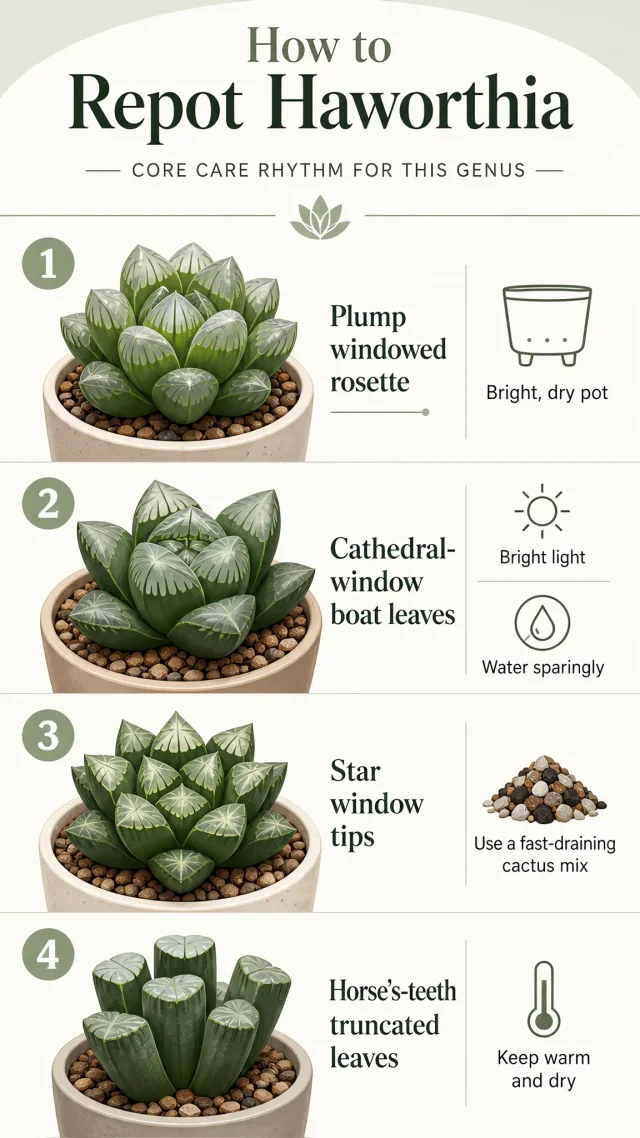 How to Repot Haworthia care summary diagram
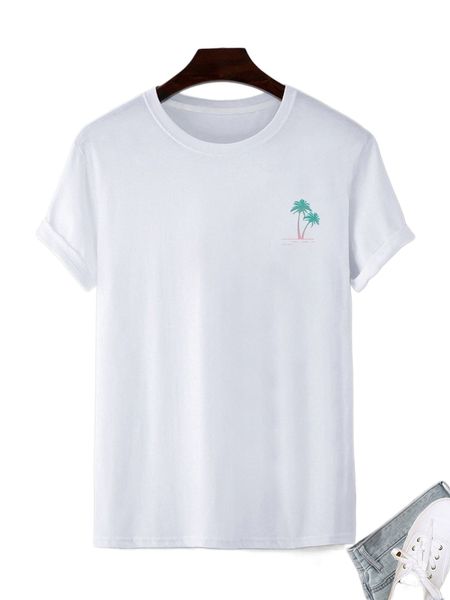 

men tropical print tee j867#, White;black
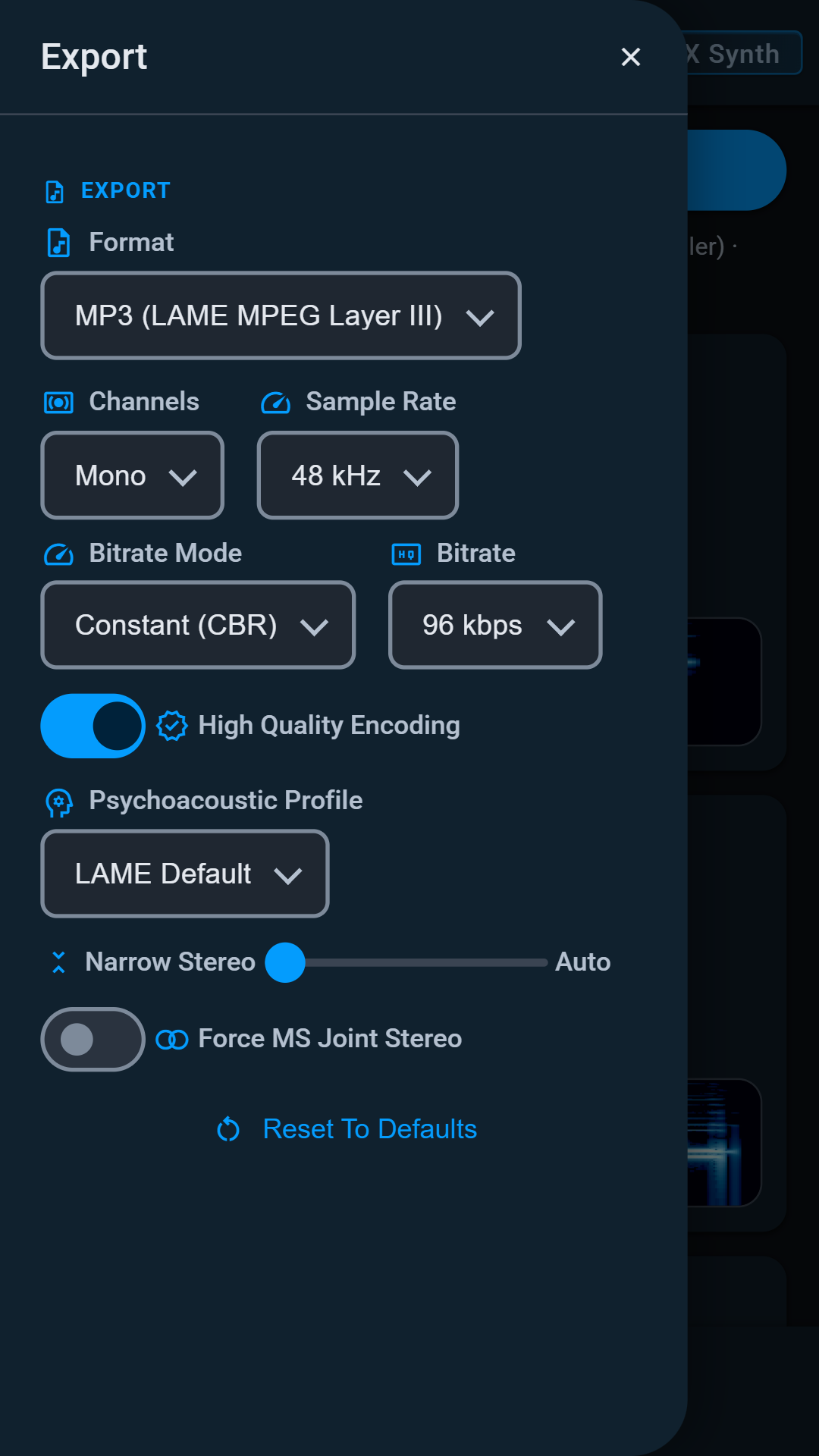 Export drawer with format, channels, sample rate and MP3 encoder settings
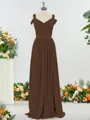 Fashion A-line Cold Shoulder Jersey Bridesmaid Dress With Slit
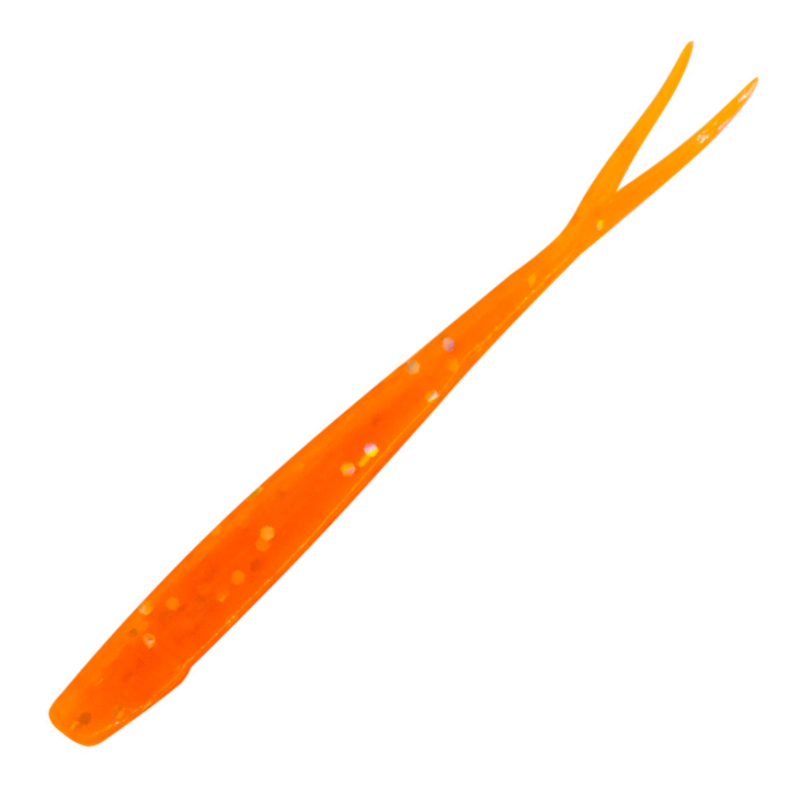 Relax Oklahoma 7" 18 cm Gummiköder Vertikal Pelagisch V-Tail 5 Stück Klar Fluoorange Glitter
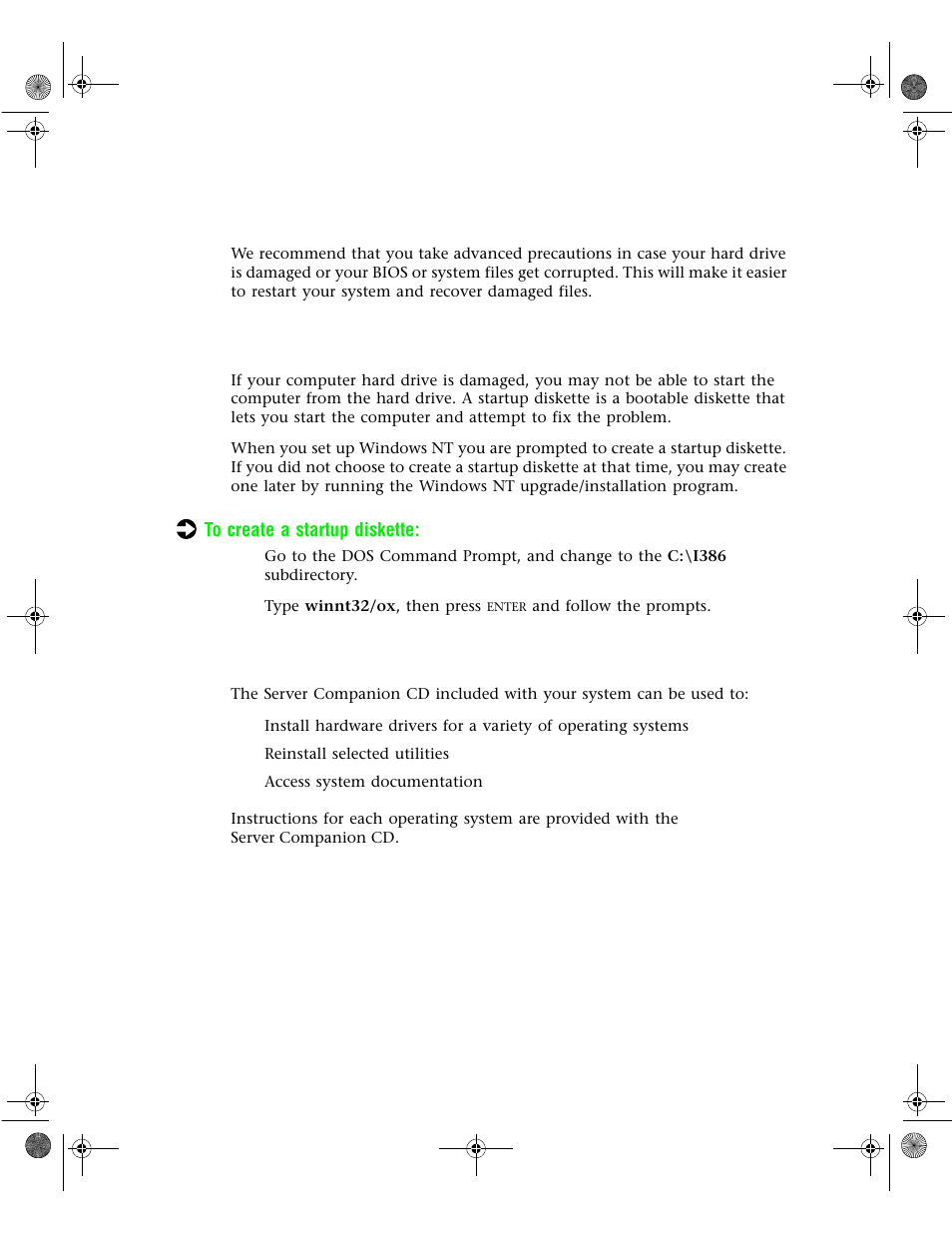 System recovery, Creating a startup diskette, Using your server companion cd | Gateway 6400 User Manual | Page 92 / 148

──────────────────────────────

Problem to solve: Nothing but the lines from the line containing "Fashion A-line Cold" through the last line of the records above should be written out, exactly and without the pictures.

Task output:
 Fashion A-line Cold Shoulder Jersey Bridesmaid Dress With Slit
 Relax Oklahoma 7" 18 cm Gummiköder Vertikal Pelagisch V-Tail 5 Stück Klar Fluoorange Glitter
 System recovery, Creating a startup diskette, Using your server companion cd | Gateway 6400 User Manual | Page 92 / 148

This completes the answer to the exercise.